Agreed. Developers won’t care about how we split fees. Plus, having this information might overwhelm them. They do care about how the price difference is calculated, but we can simply group all our fees under one line item. The bottom line is, as long as developers see four values: * What user will pay at the end of the day (plus taxes) * Price tier (if a difference exists) * What developer will earn at the end of the day * Rough breakdown of the difference between the two (taxes and fees) We should be good to go. Re: taxes on top of user price – this is a hard situation to design for. Our price tier will not be the end price that user will pay because no tax has been added to it. I still recommend that we show the ultimate price, with taxes added. However, if we cannot show this value, I think we can still show something like (user pays 1,100 + 2.25–3.00% sales tax), without actually showing the ultimate price. Developers will understand that there are small variables that we don’t know exactly. So let’s revise the tooltip to: * Add sales tax on top of list price * Group all fees into one line item It becomes something like this: User pays 1100 + 2.25-3.00% sales tax VAT (10%) 100 Fees 300 - --------------- You earn 700
Any update on this?
(In reply to Andy McKay [:andym] from comment #29) > Any update on this? The latest mockup that we can implement is attached above (attachment 716389 [details]), and an example of the tooltip that you can expect on the pricing page is attached here.
I am marking this blocking 775802 since there is no way a developer can make head or tail of our pricing structure across regions with the current implementation.

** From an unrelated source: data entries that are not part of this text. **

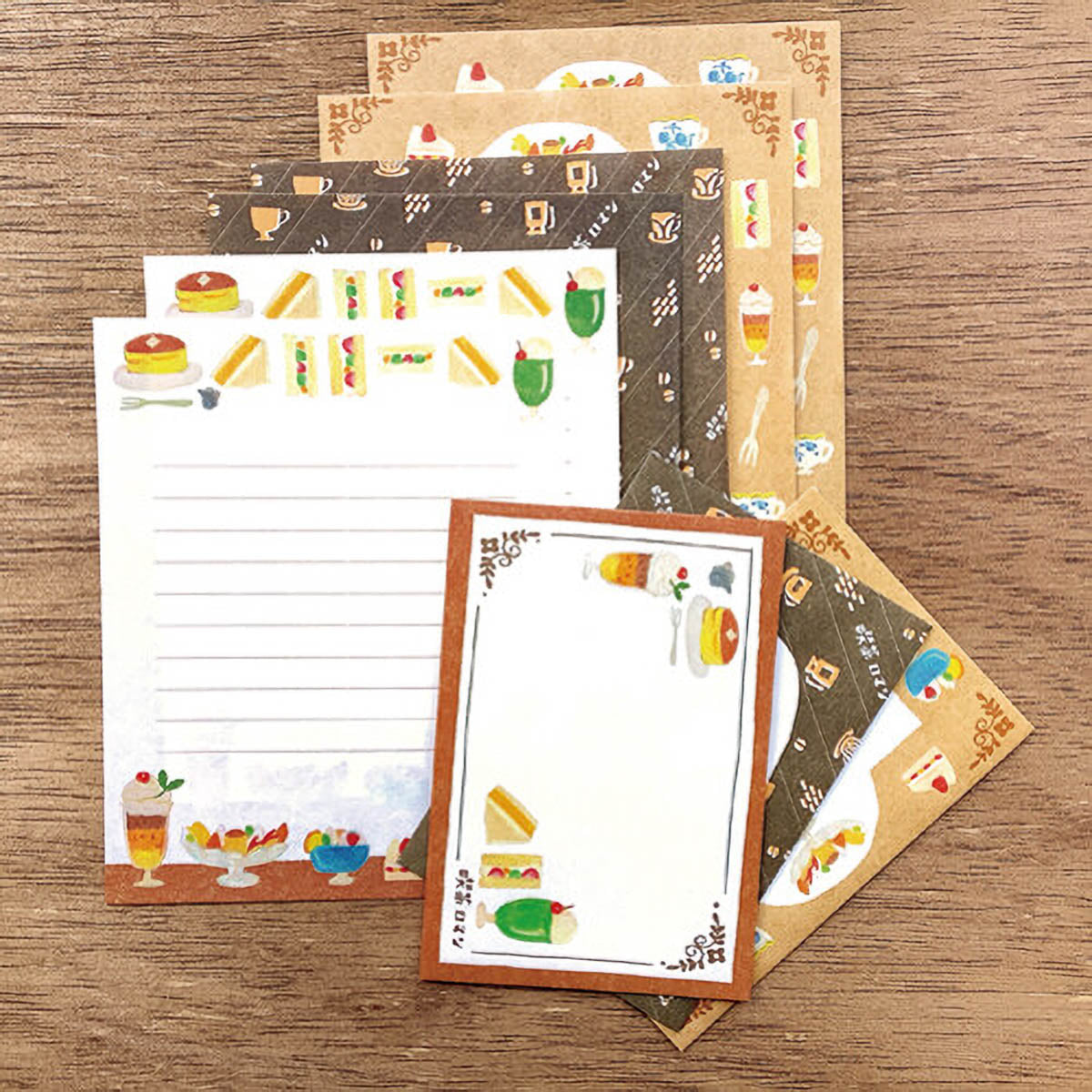 Briefpapier-Set - Retro Diary - Assorted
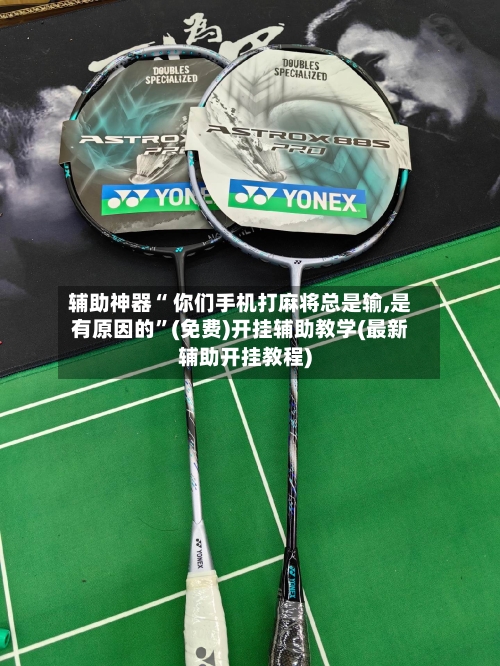 辅助神器“ 你们手机打麻将总是输,是有原因的”(免费)开挂辅助教学(最新辅助开挂教程)-第2张图片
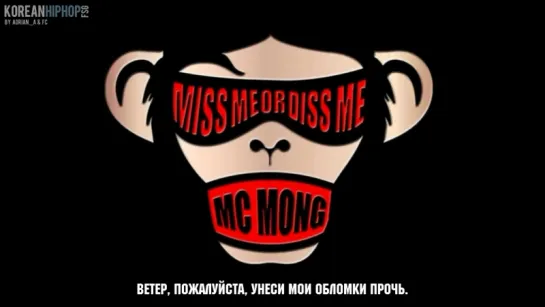 [RUS SUB] MC Mong feat. Hyorin & Gary - A Broken Fan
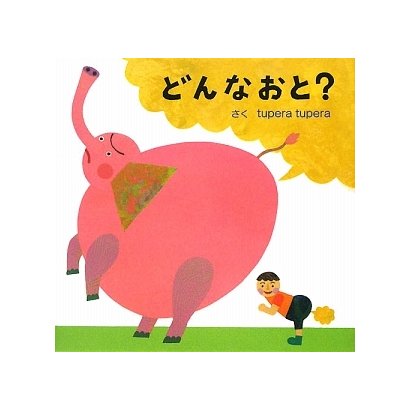 どんなおと? [絵本]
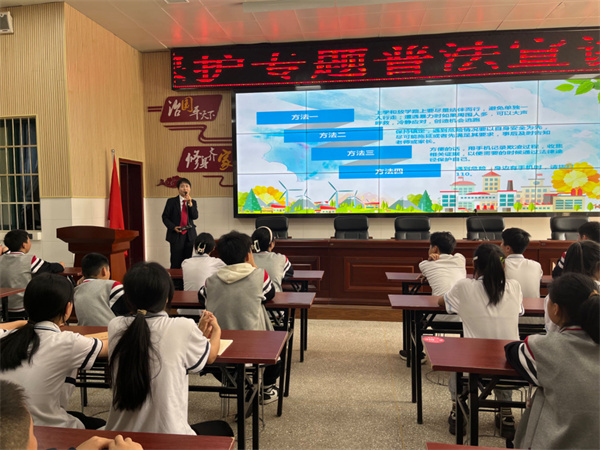 微信图片_20240416152830.jpg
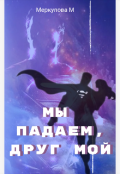 Обложка книги " Мы падаем, друг мой..."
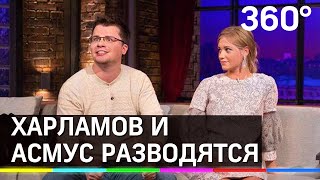 «Довела мужика»: Харламов и Асмус разводятся. И «Текст» ни при чем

I’m done with the UI part of this bug. Feel free to reassign to me should an unresolved issue pop up.
Assignee: bram → nobody
This mockup supersedes attachment 716389 [details], but there are some captions on that design that should be used here. So I’m not making that attachment obsolete. This mockup visualizes a UI to show user the relationship between price tier, country, retail price and final price. The pages explain how the logic works, but here’s a brief summary: 1. First, developer would select a price tier in order for the list of country to display. 2. The price tier drop-down menu is labeled with the type of payment that a tier supports. For example, Tier 1–4 supports carrier billings only. 3. After selecting a price tier, the country list is updated. It will only show countries that are compatible with the tier’s payment support, selected above. 4. Incompatible countries are not shown so as to not confuse users with the problem of “this country is on the list, but why can’t I click on the checkbox?”
Please find the latest mockup for this problem on bug 868179 comment 3.
Comment on attachment 745019 [details] price tier, country and payment method UI - 01 Superseeded by attachment 754311 [details] on bug 868179
Attachment #745019 - Attachment is obsolete: true
Comment on attachment 745019 [details] price tier, country and payment method UI - 01 Superseded by bug 868179 attachment 754311 [details].
Comment on attachment 716389 [details] regions, price tiers and taxes UI - 03 Superseded by bug 868179 attachment 754311 [details].
Attachment #716389 - Attachment is obsolete: true
Bug 868179 is assigned to Stuart and the attachments on this bug are obsoleted by that bug, so I guess we're done here? Closing this...
Status: NEW → RESOLVED
Closed: 10 years ago
Resolution: --- → FIXED
All the concerns in the bug have been addressed.